Tech

Women are watching the NFL in record numbers, and Super Bowl ads are finally starting to reflect that

Key Points
  • NFL Commissioner Roger Goodell said Wednesday the league had reached an all-time high of 187.3 million fans, and 47% are women.
  • Microsoft, Olay and the NFL itself are showing Super Bowl ads that reflect the new reality. 
  • "I guess I would call it toddler steps," said Charles Taylor, a marketing professor at the Villanova University of Business.
Microsoft's "Be the One" spot with Katie Sowers.
Source: YouTube

On Sunday evening, millions of people will tune in to the Super Bowl — and roughly half of them will be women. The commercials aired during the most-watched TV program of the year are finally starting to reflect that reality.

NFL Commissioner Roger Goodell said Wednesday the league had reached an all-time high of 187.3 million fans, with 47% made up by women. The ads have long been derided for being at best male-focused and at worst blatantly sexist. Commercials this year from Microsoft, Olay and the NFL itself underscore a new approach.

"We now have the highest fan base ever," Tim Ellis, NFL's chief marketing officer, told CNBC in an interview. "That has been driven by an increase in Gen Z and growth of female fans. In fact, our gender balance has reached its highest ever."

Ellis said female viewership was up 5% for the 2019 season after growing 6% in the year prior. In 2019, 38% of "avid" NFL fans were female, an all-time high, he said.

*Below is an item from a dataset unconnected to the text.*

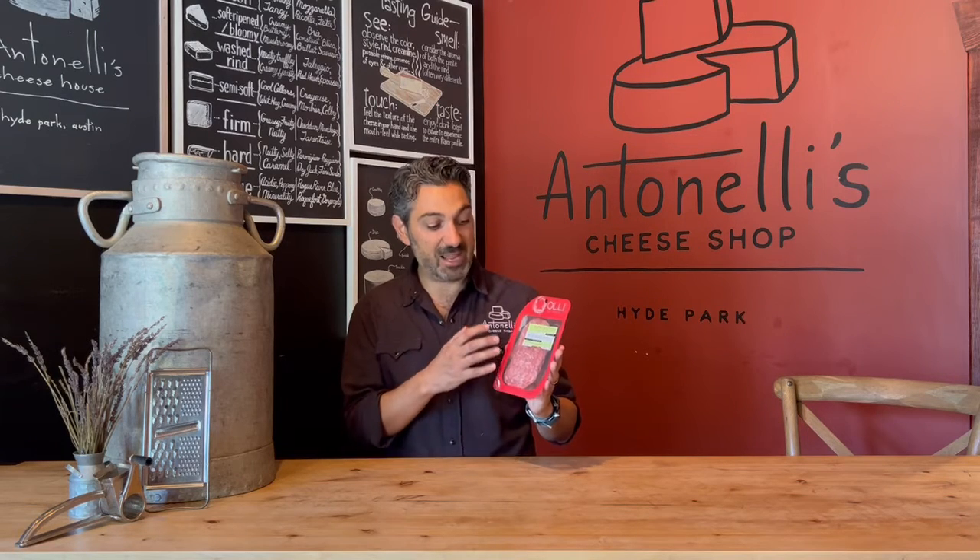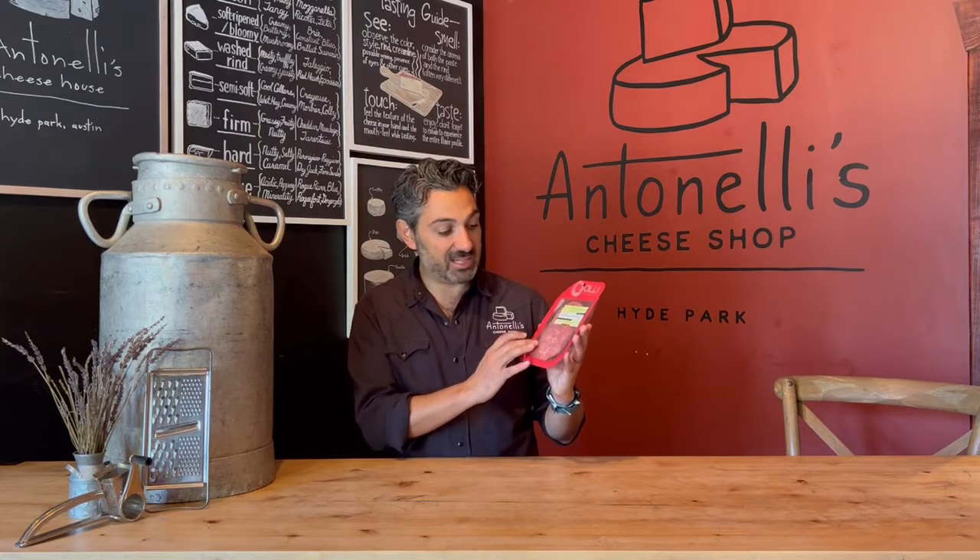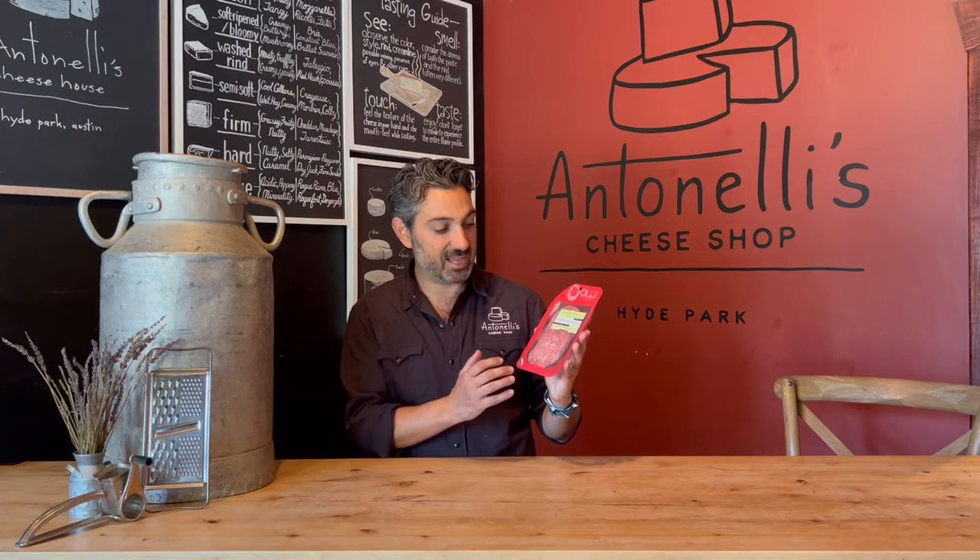Recently he used to make primarily whole sticks, but now what he's doing is selling in these pre-sliced, pre-packed format. He's done a fantastic job making sure that the packaging suits the product and actually retains all the flavor profiles. So this is a Soprasada — it's a pepper and garlic salami, large format, with some really nice fat and pork blend on the inside.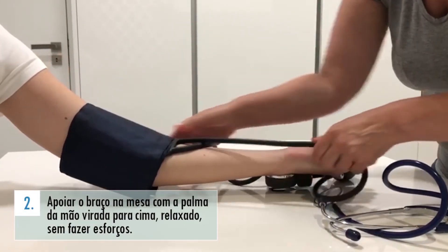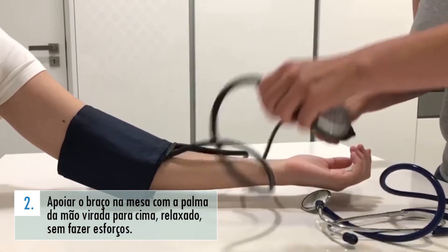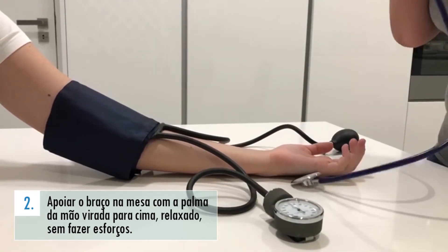Apoie o braço na mesa, ao mesmo nível que o coração, com a palma da mão virada para cima e relaxado, sem fazer esforços para não exercer força sobre o mesmo. A manga não deve ficar apertada.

The league will show a two-minute pre-game ad that, according to Ellis, shows the "passing the torch to the next generation of fans." It will include 32 kids, about one-third female, representing teams in the NFL and will feature Toni Harris, the first woman to receive a full college scholarship as a position player. In the ad, Harris tackles former NFL linebacker Ray Lewis. Soccer star Carli Lloyd will also be in the ad as a field goal kicker.

Carli Lloyd celebrates scoring the opening goal against Japan in the 2015 Women's World Cup
Kevin C. Cox | Getty Images Sport | Getty Images

Other Super Bowl ads released in advance include one from Microsoft featuring San Francisco 49ers offensive assistant coach Katie Sowers, who on Sunday will become the first woman to coach in the big game. Olay's humorous "Make Space for Women" spot makes fun of tropes around "space for women," and also will raise funds for Girls Who Code. SodaStream's spot guest-stars Alyssa Carson, an 18-year-old astrobiology student training to be part of the first crewed mission to Mars.

This much is clear: Super Bowl ads are no longer about ogling women in bikinis.

"Now, people know better," Kathleen Hall, Microsoft's corporate vice president of brand, advertising and research, told CNBC in an interview about the brand's in-game spot. "There's a movement to, 'at least, let's not offend people.'"

Hall said Microsoft is aiming higher.

"The bar is not just to be politically correct, but to be proactively supportive of women and their role, and in doing so really anybody," even beyond gender, she said.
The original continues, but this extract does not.